Blogpost May 1, 2005 ? International Labor Day
Today I would like to comment on two articles, one directly and one indirectly related to Zhongguancun. They both appeared in the NY Times April 30 and May.
The first article is by Keith Bradsher entitled “A Currency Afloat (for All of 20 Minutes).” This article relates the fact that China’s currency, the Renminbi or yuan, was floated (traded at a level higher than its rate as pegged to the U.S. dollar) for 20 minutes on April 29, 2005. According to Bradsher, “The yuan climbed until it took 8.270 of them to buy a dollar instead of the usual 8.276. That difference, of only six thousandths of a yuan, might not seem like much of a change.”

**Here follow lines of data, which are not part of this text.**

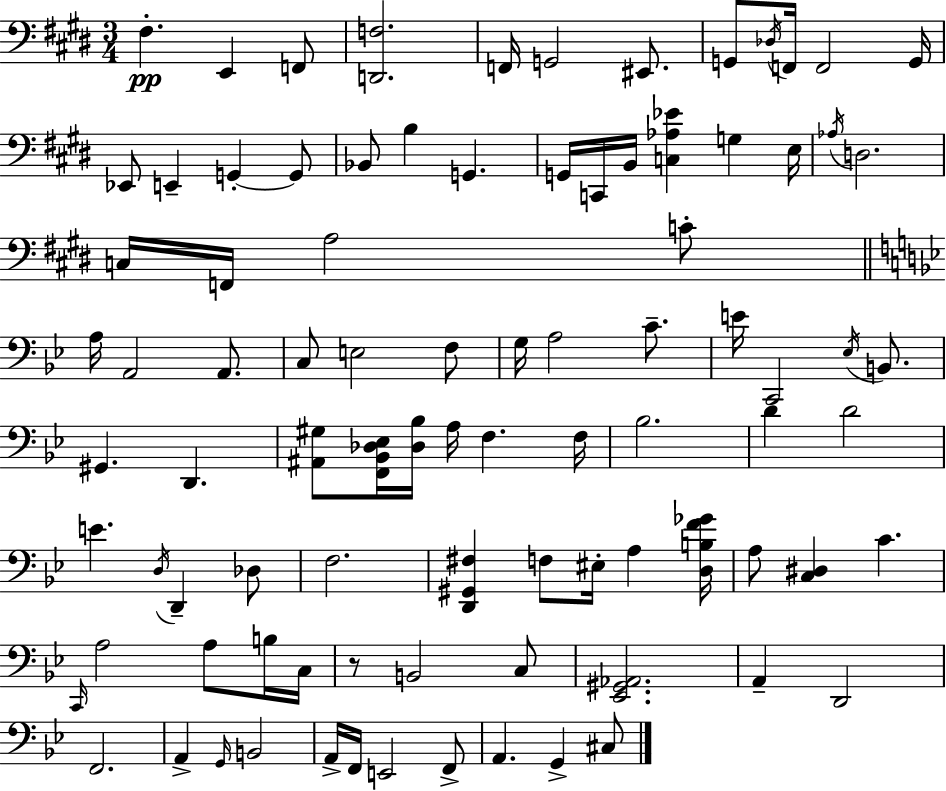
X:1
T:Untitled
M:3/4
L:1/4
K:E
^F, E,, F,,/2 [D,,F,]2 F,,/4 G,,2 ^E,,/2 G,,/2 _D,/4 F,,/4 F,,2 G,,/4 _E,,/2 E,, G,, G,,/2 _B,,/2 B, G,, G,,/4 C,,/4 B,,/4 [C,_A,_E] G, E,/4 _A,/4 D,2 C,/4 F,,/4 A,2 C/2 A,/4 A,,2 A,,/2 C,/2 E,2 F,/2 G,/4 A,2 C/2 E/4 C,,2 _E,/4 B,,/2 ^G,, D,, [^A,,^G,]/2 [F,,_B,,_D,_E,]/4 [_D,_B,]/4 A,/4 F, F,/4 _B,2 D D2 E D,/4 D,, _D,/2 F,2 [D,,^G,,^F,] F,/2 ^E,/4 A, [D,B,F_G]/4 A,/2 [C,^D,] C C,,/4 A,2 A,/2 B,/4 C,/4 z/2 B,,2 C,/2 [_E,,^G,,_A,,]2 A,, D,,2 F,,2 A,, G,,/4 B,,2 A,,/4 F,,/4 E,,2 F,,/2 A,, G,, ^C,/2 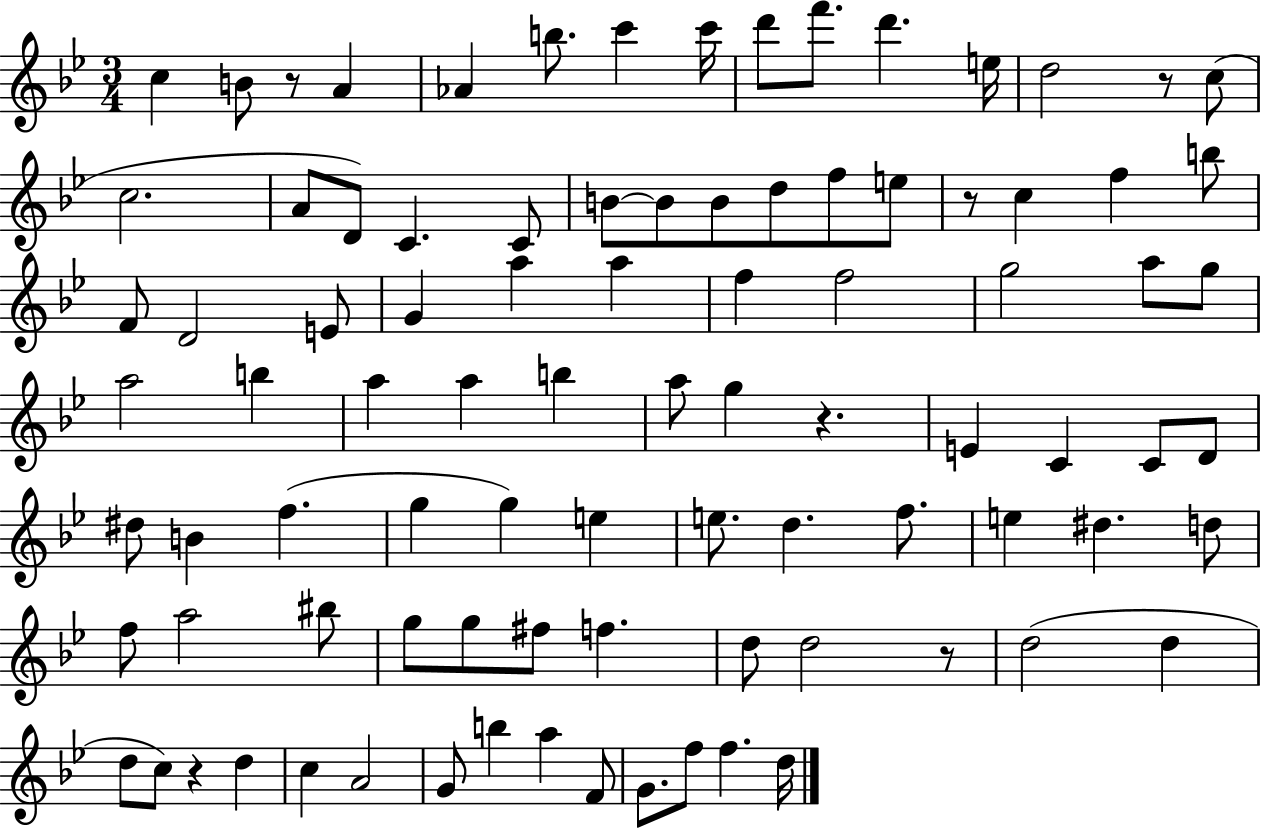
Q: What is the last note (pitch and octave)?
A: D5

The significance of this “floating” can be examined from multiple perspectives. The one I want to focus on is the relation of the exchange rate to economy, in particular the relationship of yuan-dollar exchange rates and China-U.S. trade. As is my understanding, allowing the exchange rate for yuan to climb means that it takes fewer yuan to buy a dollar, and consequently a dollar is exchanged for fewer yuan. To make things clearer, I imagine the current rate as 8 yuan = 1 dollar. Suppose the yuan were floated and climbed to a rate of 4 yuan = 1 dollar. For people in China, there should be no immediate change: a hamburger at McDonald’s is still 16 yuan; a yuan is a yuan. The real difference is felt in international trade: a widget (clothing, toy, computer part) that is made in Shenzhen for 80 yuan now costs $20 rather than $10 to produce. If the widget is exported, the cost to other countries (the U.S. for example) will be more, and hence other producers of widgets (in Europe or in U.S.) will be more competitive. Further, imports to China will be cheaper: in the past, a $10 bottle of wine would cost 80 yuan in China; with a new exchange rate, the same bottle of wine would cost 40 yuan, making it more difficult for competitors in China to compete with imports.

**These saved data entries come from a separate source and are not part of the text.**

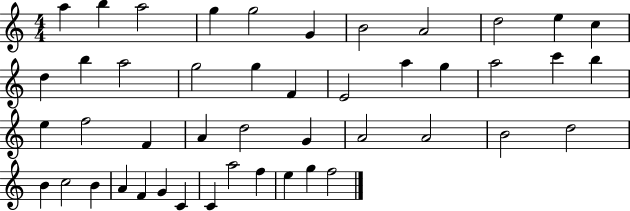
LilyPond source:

{
  \clef treble
  \numericTimeSignature
  \time 4/4
  \key c \major
  a''4 b''4 a''2 | g''4 g''2 g'4 | b'2 a'2 | d''2 e''4 c''4 | \break d''4 b''4 a''2 | g''2 g''4 f'4 | e'2 a''4 g''4 | a''2 c'''4 b''4 | \break e''4 f''2 f'4 | a'4 d''2 g'4 | a'2 a'2 | b'2 d''2 | \break b'4 c''2 b'4 | a'4 f'4 g'4 c'4 | c'4 a''2 f''4 | e''4 g''4 f''2 | \break \bar "|."
} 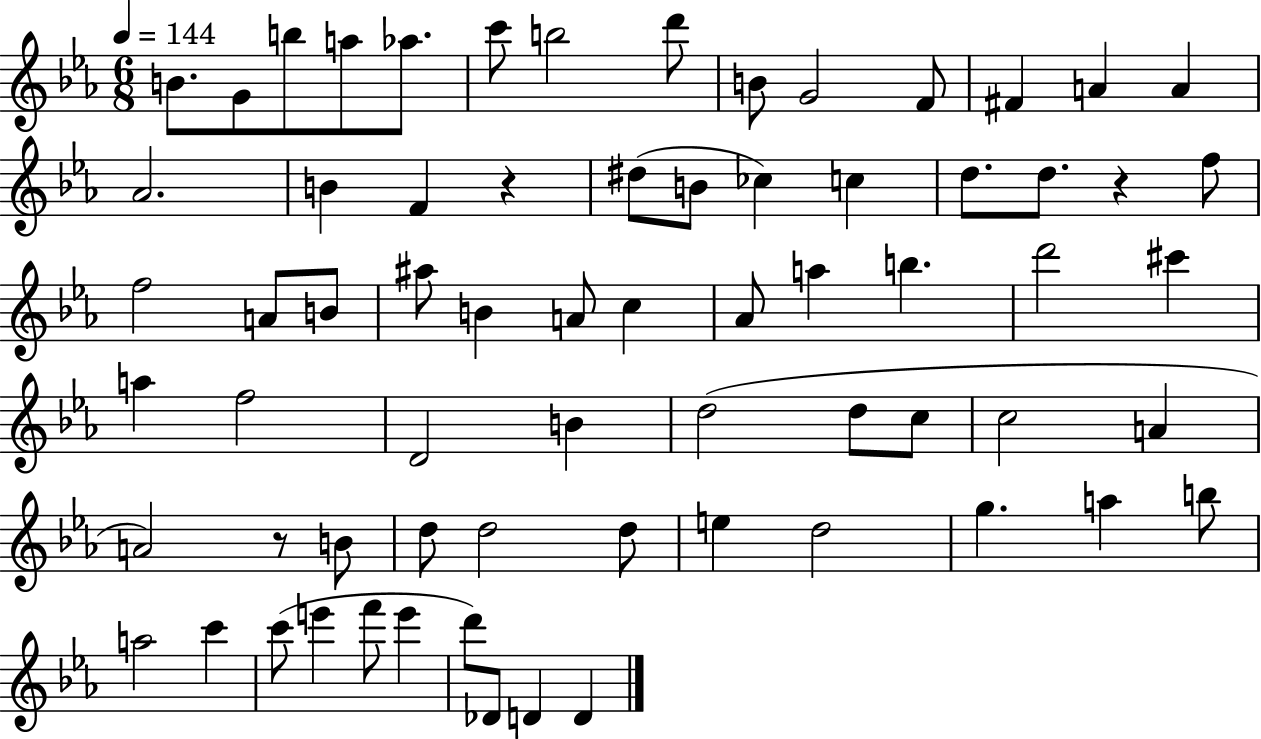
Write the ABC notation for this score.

X:1
T:Untitled
M:6/8
L:1/4
K:Eb
B/2 G/2 b/2 a/2 _a/2 c'/2 b2 d'/2 B/2 G2 F/2 ^F A A _A2 B F z ^d/2 B/2 _c c d/2 d/2 z f/2 f2 A/2 B/2 ^a/2 B A/2 c _A/2 a b d'2 ^c' a f2 D2 B d2 d/2 c/2 c2 A A2 z/2 B/2 d/2 d2 d/2 e d2 g a b/2 a2 c' c'/2 e' f'/2 e' d'/2 _D/2 D D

This explanation is, of course, exaggerated. In the NY Times article cited, it points out that a 10% rise in the value of the yuan is “larger than most economists expect.” Obviously, a large change in the exchange rate will have a large effect on industries in China that depend on exports or might have to compete with imports.
In the U.S., according to another NY Times article by Elizabeth Becker entitled “China Heads List of Problems for New Trade Official” (April 30), the confirmation of Rob Portman as new U.S. trade representative was “held captive” by democrats, labor unions, and business interests over their objections to China’s illegal trade practices. The administration has not taken China to task over violations that could be brought before the World Trade Organization.
There are two cases of piracy which I have witnessed first-hand that need to be cited in order to understand some of the significance of what is involved. Software is an ubiquitously pirated in Zhongguancun?pirated versions of Chinese Windows are very popular. One reason Windows is pirated is due to price: the selling price of pirated Chinese Windows is 6 yuan, less than 1 U.S. dollar; the price of authentic Chinese Windows is 2,000 yuan, or 250 U.S. dollars. While $250 might not seem like a lot of money for people in the U.S., in China it is a month’s salary for college graduates. The non-pirated version costs 40 times as much.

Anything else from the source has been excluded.